SENATE COMMITTEE ON HEALTH & LONG-TERM CARE

Majority Report: That Substitute Senate Bill No. 5493 be substituted therefor, and the substitute bill do pass.Signed by Senators Keiser, Chair; Thibaudeau, Vice Chair; Franklin, Kastama, Kline and Poulsen.

Minority Report: That it be referred without recommendation.Signed by Senators Benson, Brandland, Johnson and Parlette.

Staff: Sharon Swanson (786-7447)

Background: Hepatitis C is a liver disease caused by the hepatitis C virus (HCV). It is a bloodborne infection that can lead to liver failure, liver cancer, or cirrhosis. Of then the virus does not cause symptoms or signs when first transmitted and because of this, many people do not know they are infected. The hepatitis C virus is transmitted primarily through exposure to infected blood. The virus can be spread through sharing needles, needle sticks, or from an infected mother to her baby during birth.

An estimated 100,000 Washington residents may be infected with hepatitis C. Since December 2000, providers have been required to report cases of hepatitis C to the Department of Health.

In April 2003, the legislature passed SB 5039 requiring the Department of Health to design and implement a state plan for the prevention and management of hepatitis C with the use of federal and private funds. State funds were not allocated for the creation or implementation of the plan.

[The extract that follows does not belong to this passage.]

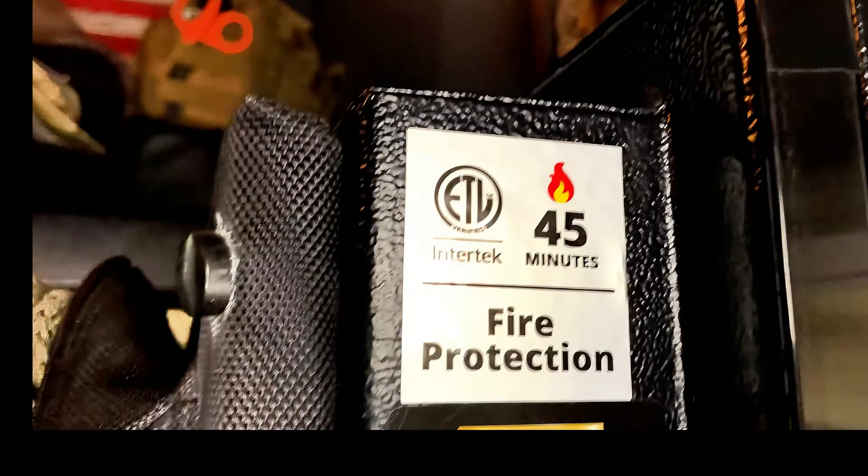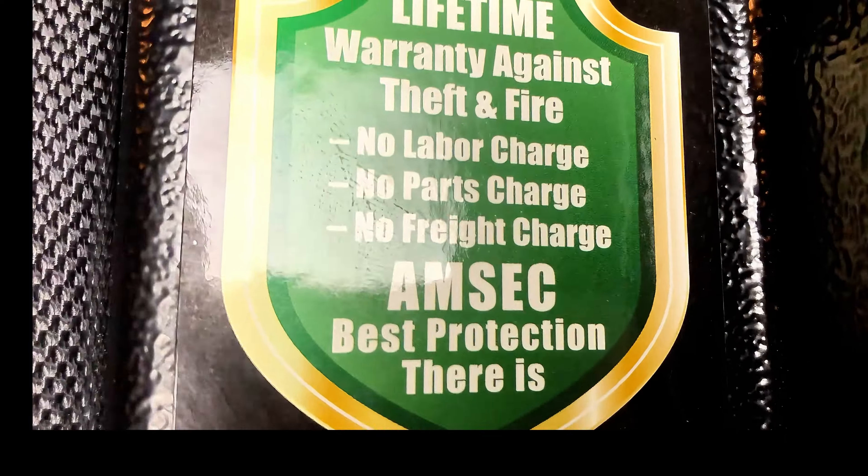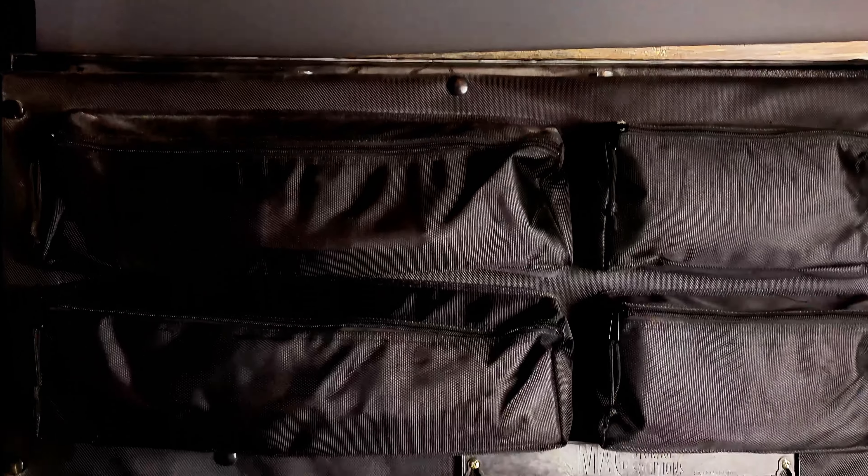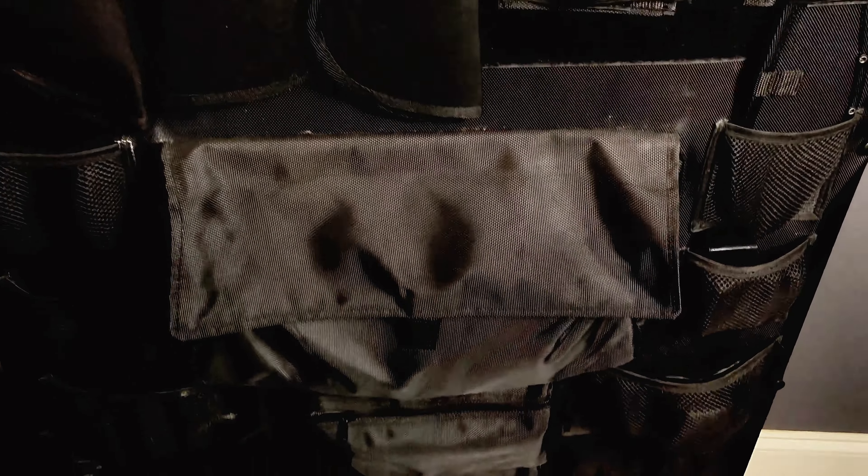But it has a very high fire rating. It has a fire rating for 45 minutes at 1,200 degrees. It even has a special seal, as you can see there, that actually helps prevent the heat from entering the safe. And the safe actually uses a fire insulation.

Summary of Substitute Bill: The language prohibiting the use of state funds is removed.

The Secretary of Health must develop a state plan for the prevention and management of hepatitis C only to the extent that funding is available.

The state plan recommendations must be implemented by the Secretary of Health only to the extent that funding is available, including grants.

State funds that are used to implement the hepatitis C plan be limited to hepatitis C prevention, education and testing and must not supplant any current state funding directed to HIV prevention, education and testing.

Approaches to hepatitis C testing should be in venues appropriate to the target populations.

Substitute Bill Compared to Original Bill: Adds language clarifying that state funds used for the hepatitis C strategic plan must not supplant any current state funding directed to HIV prevention, education, and testing.

Appropriation: None.

Fiscal Note: Available.

Committee/Commission/Task Force Created: No.

Effective Date: Ninety days after adjournment of session in which bill is passed.

Testimony For: Many people from many different walks of like are affected by this disease. There is a great deal of misunderstanding about the causes of this disease. We need a broad based effort to combat the ignorance surrounding the disease as well as increased efforts to combat the spread of the disease itself. This is a statewide health problem, but no state money is being used to fight it. That fact sends a mixed message.

Testimony Against: None.

Who Testified: PRO: Senator Jim Kasatam, prime sponsor; Vic Coleman, Department of Health; Michael Ninburg, Hepatitis Education Project.